À l'intérieur de la berline, Evalyn, Esther et leur mère, attendait avec une patience teintée d'une prévenance, le retour d'Élinor. Lorsque enfin elle rejoignit le véhicule, s'engouffrant dans son enceinte, une symphonie d'émotions discrètes s'épanouit dans les regards chargés de compassion. La jeune femme accueillit cette empathie partagée avec un sourire. La benjamine, dont l'attention était capturée par l'observation de ses propres pieds, arborant des sourcils légèrement froncés témoignant son esprit vraisemblablement préoccupé releva les yeux vers son aînée, visiblement résolue.

— J'ai pris une décision, annonça brusquement Esther, j'y réfléchis déjà depuis le déménagement de père à l'hospice.

— Qu'en est-il, demanda Élinor, interloquée.

— Je vais arrêter mes études de médecine et offrir mon aide à ta tâche dans la gestion financière de nos banques. J'ai davantage d'expériences dans ce domaine et toi tu es plus au fait du commerce international. Nous devrions mettre nos talents en commun.

— N'as-tu point conscience de l'envergure de ta démarche, s'inquiéta Élinor, sa voix teintée d'interrogation sincère, n'as-tu point songé aux tourments qui t'attendent ? Tous ne manqueront pas de remettre en cause ta légitimité, surtout au vu de ton âge, inférieur même au mien. Tu seras aussi conspuée que je le suis.

— Peu m'importe. Tu as consenti à tant de sacrifices pour nous. À présent, il est de mon devoir de te rendre la pareille, de te témoigner ma gratitude.

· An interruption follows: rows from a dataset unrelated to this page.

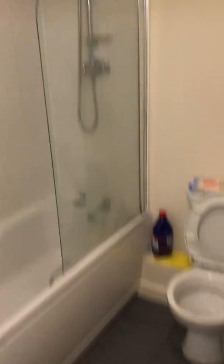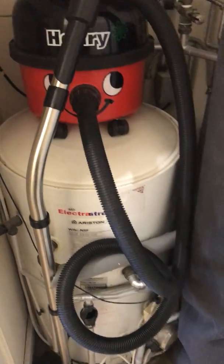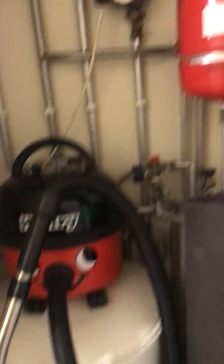The shower runs off the hot water tank, so it's mains pressure water — a decent shower. The Henry Hoover is included.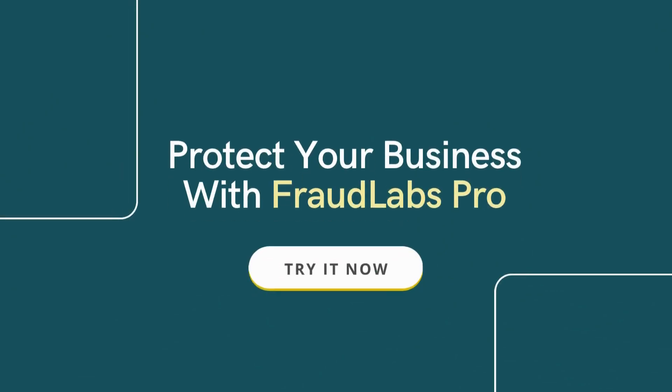Protect your business with the power of IP. Stay safe with FraudLabs Pro.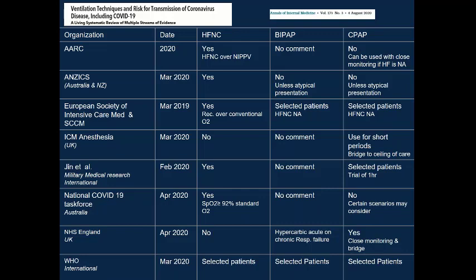There were some overriding trends in that high flow seemed to be favored over non-invasive positive pressure ventilation. Several organizations actually recommended against using high flow early on when risks of exposure were not entirely clear. But if non-invasive positive pressure ventilation was used, there was some support for using CPAP perhaps over bi-level pressure support — in selected patient populations, for a defined period of time, with incredibly close monitoring and a strong preference to intubate early.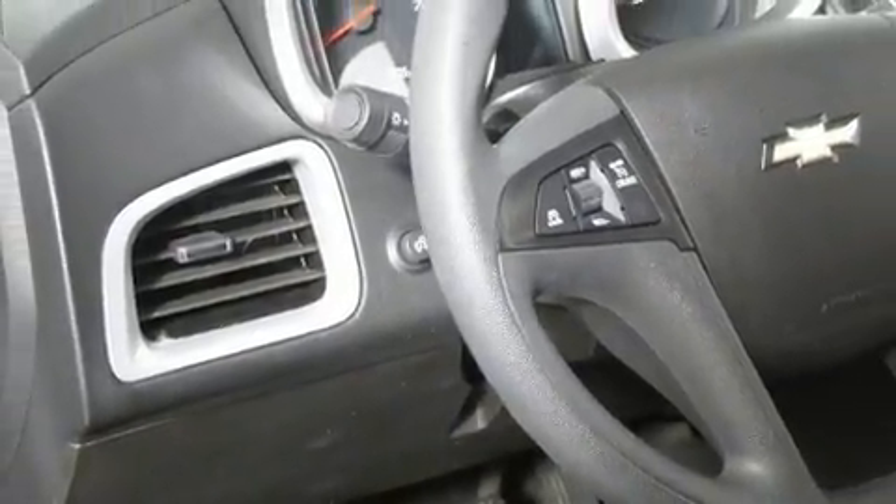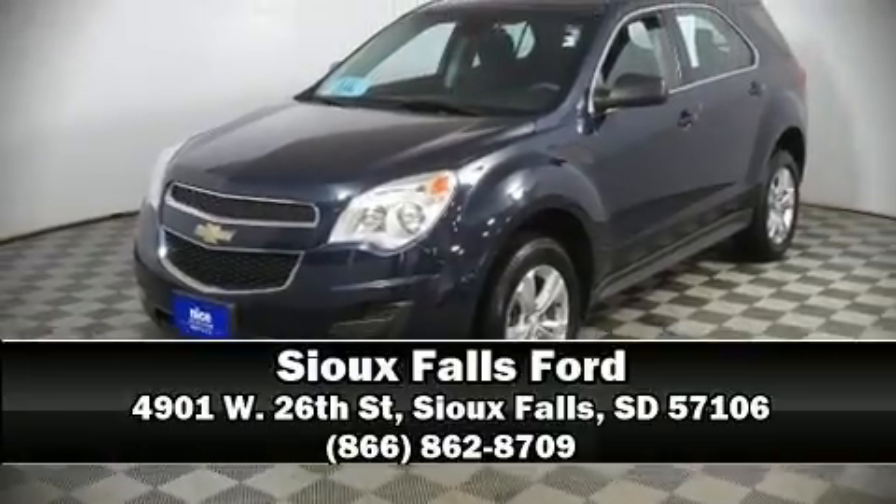Sophisticated all-wheel drive technology maintains a firm grip on the road. Stop by our dealership or give us a call for more information.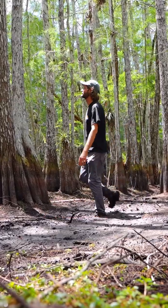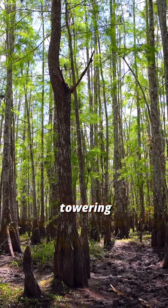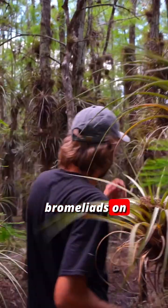The walk to a gator hole starts by entering the cypress dome, and as soon as you step foot in the cypress dome, you're in the presence of these towering cypress trees. You hear the sound of the warblers and the cardinals and the woodpeckers. You see the bromeliads on every tree.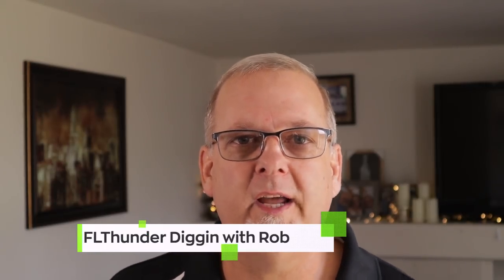My buddy Rob over at FL Thunder Digging with Rob is having a giveaway. Links down below to that — head on over there, follow all the rules, and good luck. FL Thunder, Digging with Rob — go check it out.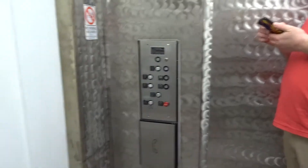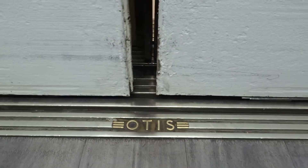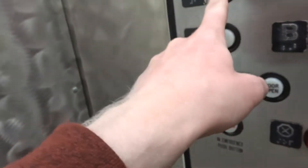Push one again, please. Great company — that's what it used to be.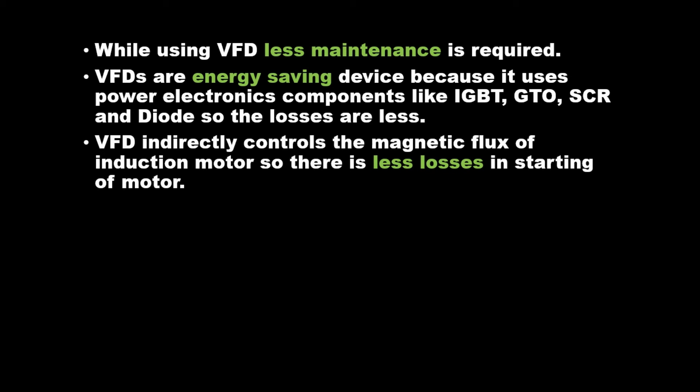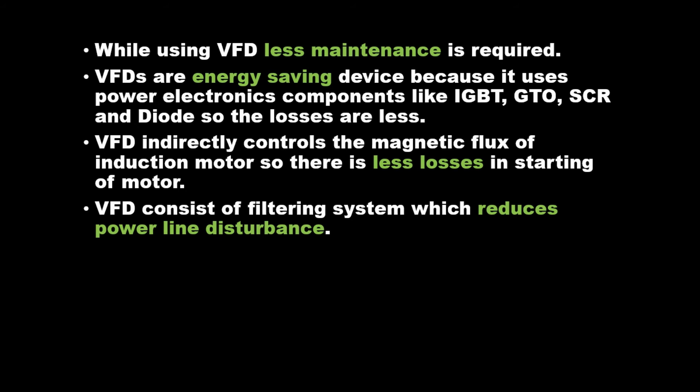VFD indirectly controls the magnetic flux of induction motor, so there are less losses in starting of motor. VFD consists of a filtering system which reduces power line disturbance.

— Depuis des années tu caresses le rêve de devenir médecin. Y renoncerais-tu ?

— Bien sûr que non, mais ce n'est plus une priorité. Et puis, mon rêve n'a aucune valeur s'il s'érige sur les piliers de la détresse de ma famille, affirma-t-elle avec certitude.

— Depuis quand es-tu si pleine de sagesse, demanda la cadette avec sarcasme.

— Tu étais sans doute trop occupée à chercher mes défauts pour te rendre compte de ma sagacité, répliqua la jeune demoiselle en esquissant un sourire malicieux.

—J'ai entrepris l'accumulation d'une somme modeste par le biais de mes prestations en tant que soliste. Peut-être serait-il opportun que j'entreprenne également l'enseignement au conservatoire pour pourvoir à une certaine trésorerie en cas d'éventualité, intervint Evalyn, il m'est impensable de vous laisser endosser la lourdeur de la tâche sans contribuer, vous l'imaginez bien, poursuivit-elle d'une voix teintée de fermeté, une ténacité résolue se déployant dans chacun de ses mots.

Unisson parfait, les trois sœurs s'associèrent d'un commun accord, leurs regards fusionnant dans une harmonie sincère. Sourires empreints de complicité s'épanouissant sur leurs visages, les demoiselles manifestèrent leur accord tacite en des accolades chaleureuses, gestes silencieux de solidarité. Pendant ce temps, telle une observatrice discrète, la mère assistait à cette scène, ses traits marqués par une préoccupation saisie d'une émotion muette. La matriarche, en toute conscience, percevait la décision de sa cadette comme une ultime fissure dans l'édifice familial, une fêlure qui précipiterait son départ du foyer, l'isolant au sein des murs de Provins.

— Je suis fière de vous, mes filles, articula finalement Madame Ausbourg avec contrition. Malgré son inquiétude, malgré sa joie teintée d'amertume, pour l'heure, en mère dévouée, elle se réjouirait de leur attachement à l'accomplissement du devoir.